A recent decision by the Third Circuit Court of Appeals has reversed a Delaware bankruptcy court decision and directed the appointment of an examiner over the objection of the debtors and the official committee of unsecured creditors. The decision, In re FTX Trading Ltd., will provide a public accounting of the implosion of FTX, gives clarity regarding the circumstances in which an examiner will be appointed in cases, and could lead to significant complications in the FTX case.

Background

The United States Trustee filed a motion early in the FTX chapter 11 case seeking the appointment of an examiner under section 1104(c)(2) of the Bankruptcy Code. This section provides: “at any time before the confirmation of a plan, on request of a party in interest or the United States trustee … the court shall order the appointment of an examiner to conduct such an investigation of the debtor as is appropriate … if — (2) the debtor’s fixed, liquidated, unsecured debts, other than debts for goods, services, or taxes, or owing to an insider, exceed $5,000,000.” The US Trustee argued that the appointment of an examiner was mandatory because the two statutory predicates were satisfied, as the relevant unsecured debts exceeded $5 million and a request had been made.

The debtors and the creditors committee did not dispute that both conditions were satisfied but argued that an examiner would be inappropriate and involve unnecessary cost. They noted that John Ray, an independent FTX CEO untainted by Sam Bankman-Fried and prepetition management, had been appointed to operate the debtors and was conducting his own investigation of Bankman-Fried, prepetition management and FTX’s assets. The Bankruptcy Court agreed with the objectors, finding that the statute’s “as is appropriate” provision in effect gave the court discretion to decline to appoint an examiner if it found that the appointment was not appropriate and creditors would be better served by not having an examiner appointed. The decision was appealed directly to the Court of Appeals.

The Decision

The Third Circuit reversed. It ruled that “the court shall order the appointment of an examiner” means that an examiner must be appointed if the conditions are satisfied, and that “as is appropriate” applies merely to the scope of the examiner’s appointment. It justified its conclusion by noting that an examiner’s investigation would differ from the Ray investigation in significant ways: the examiner would be disinterested (unlike the CEO of the debtors), and the examiner’s report would be made public. In addition, the examiner would be able to determine if there were any issues to be considered around the appointment of Mr. Ray or the retention of Sullivan & Cromwell as counsel to the debtors.

Analysis

The opinion contains a detailed summary of the history of the crash of FTX and the ensuing chaotic start of the case. This history might seem to be irrelevant to the opinion’s straightforward statutory plain language analysis, but it is important in buttressing the court’s policy discussion. The court appears to have appreciated the value of a public report that an examiner will provide, as distinguished from the selective disclosure from a debtor that has an interest in confirming a plan of reorganization and assembling a coalition of supporting creditors. In particular, the court noted that the examiner represents a neutral perspective and not that of any particular constituency. As the opinion stated, in what may be an oblique rebuke to the Bankruptcy Court: “In addition to providing much-needed elucidation, the investigation and examiner’s report ensure that the Bankruptcy Court will have the opportunity to consider the greater public interest when approving the FTX Group’s reorganization plan.”

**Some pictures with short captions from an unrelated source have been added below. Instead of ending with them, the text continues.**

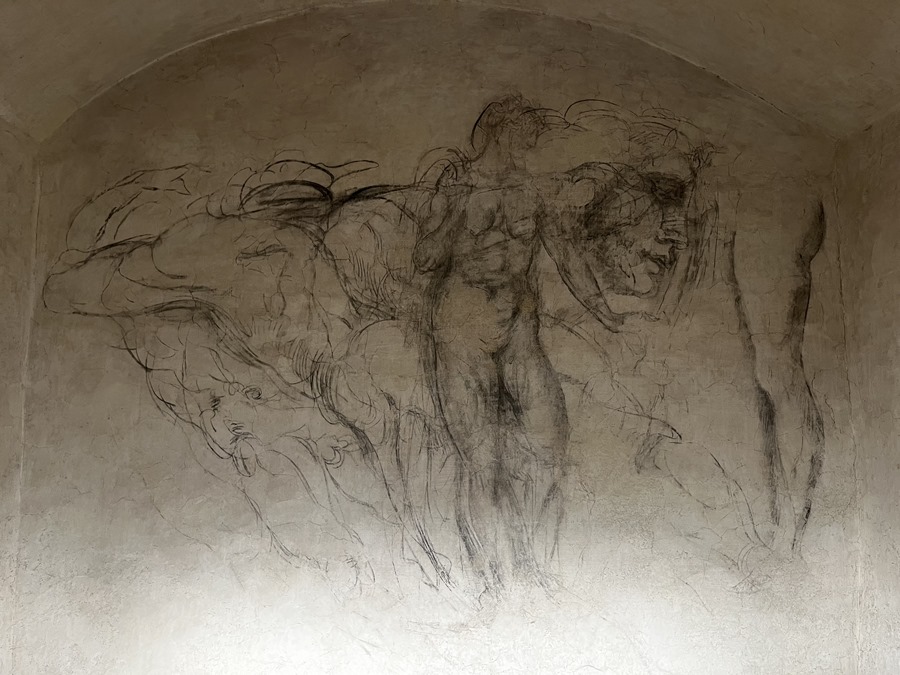Disegni a carboncino attribuiti al genio rinascimentale Michelangelo.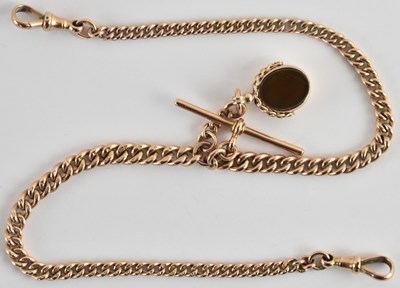 Lot 1440 - A 19th century 9ct rose gold watch chain, with...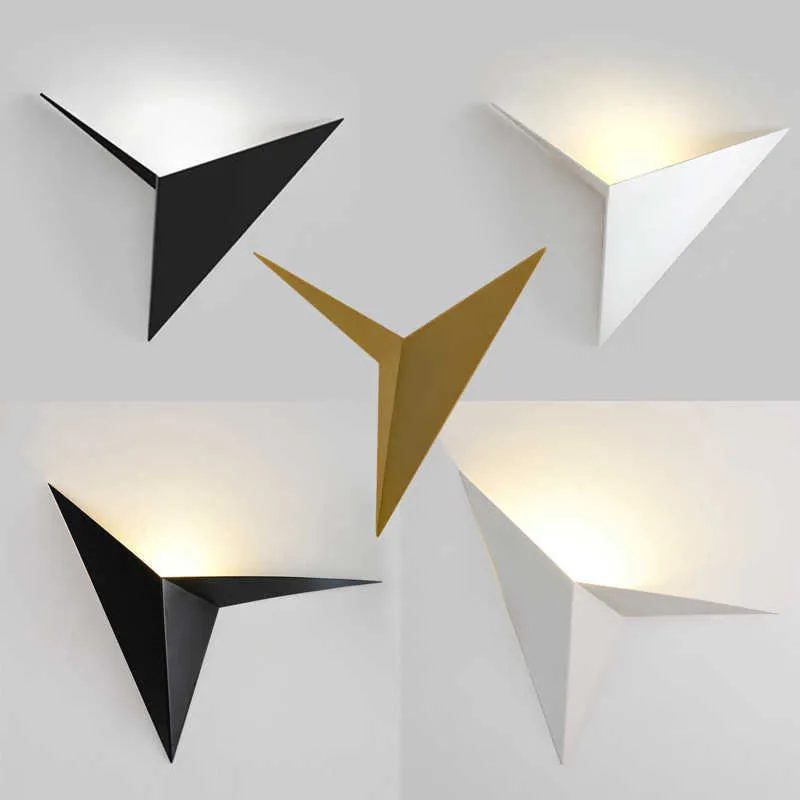 Forme de triangle minimaliste moderne LED style nordique Appliques murales d'intérieur Salon Lumière 3W 5W AC85-265V Simple LightingHKD230701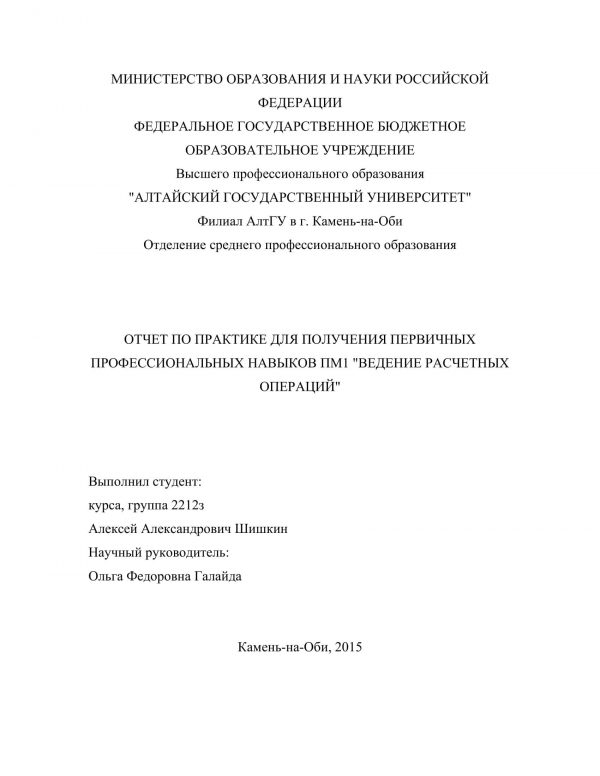 Титульный лист отчета по учебной практике по ведению расчетных операций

This decision is likely to settle the legal question of whether an examiner must be appointed on request in large cases. As noted in the decision, there are no examiners in most large cases, mostly because no request for the appointment of an examiner is made. One way that the FTX case was unusual was that the request for the appointment of an examiner was contested, litigated and appealed.

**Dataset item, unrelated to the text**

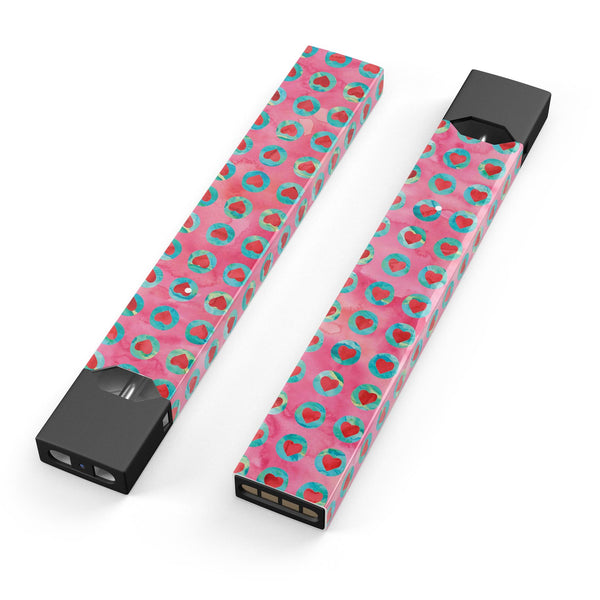Blue-Green Polka Dots with Hearts Pattern on Pink Watercolor - Premium Decal Protective Skin-Wrap Sticker compatible with the Juul Labs vaping device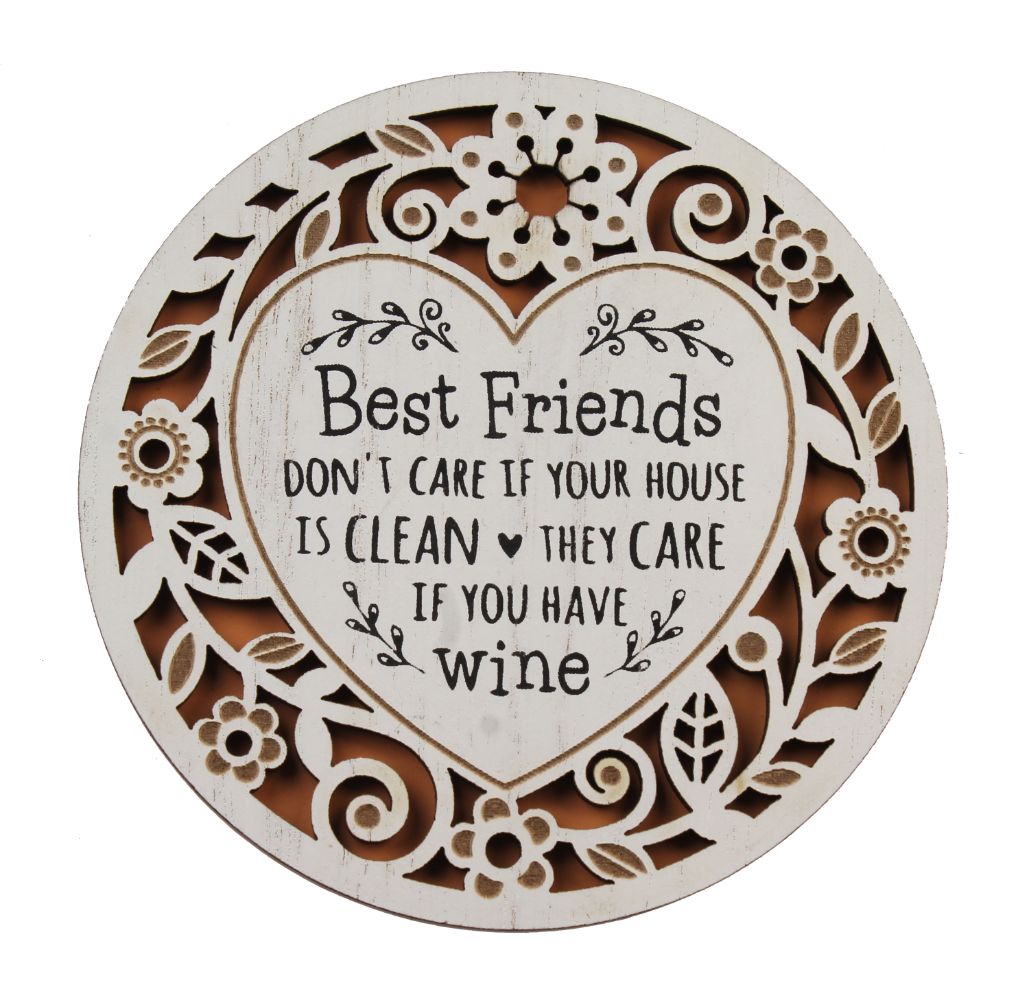 Best Friends Only Care If You Have Wine Woodcut Coaster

It is too soon to know how this decision will affect the ongoing FTX case. The debtors had recently announced their intention to seek approval of a plan of reorganization in the coming months, which would require, among other things, their obtaining court approval of a disclosure statement. While the FTX opinion specifically notes that the bankruptcy court can continue with the confirmation process without waiting for the examiner’s findings or public report, it would not be surprising if the pendency of the examiner’s report casts a shadow on any proposed disclosure statement, possibly leading to delay.

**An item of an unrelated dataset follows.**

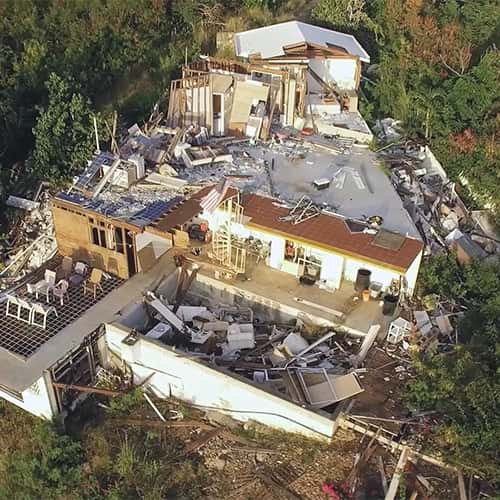 Aerial view of the aftermath devastation of a home in the US Virgin Islands
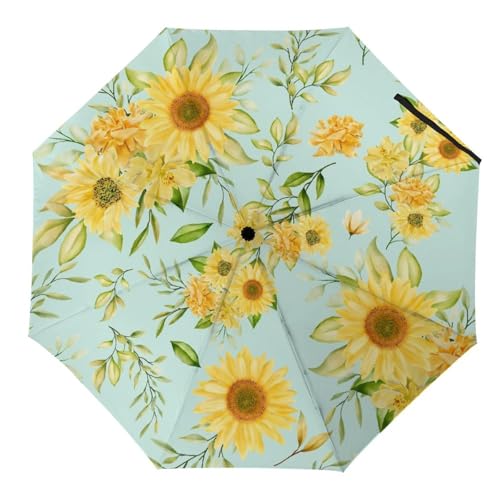 Hearda Regenschirm Manuell Öffnen, 3D Floral Muster Taschenschirm Sturmfest Regenschirm Wasserdicht Kompakt Sonnenschutz Reise Regenschirm für Damen Herren Kinder (Gelb Sonnenblume) von Hearda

Now that the decision has been rendered the focus will shift to the scope of examination and a budget. The debtors and the US Trustee are already jousting regarding the scope of the examiner’s investigation. Bankruptcy Judge Dorsey has stated that his preliminary inclination is to have the examiner start by reviewing the results of other investigations to determine what further investigations may be appropriate. This process will likely play out in the near future after which the scope of the examiner’s investigation, as well as the time frame, will be known.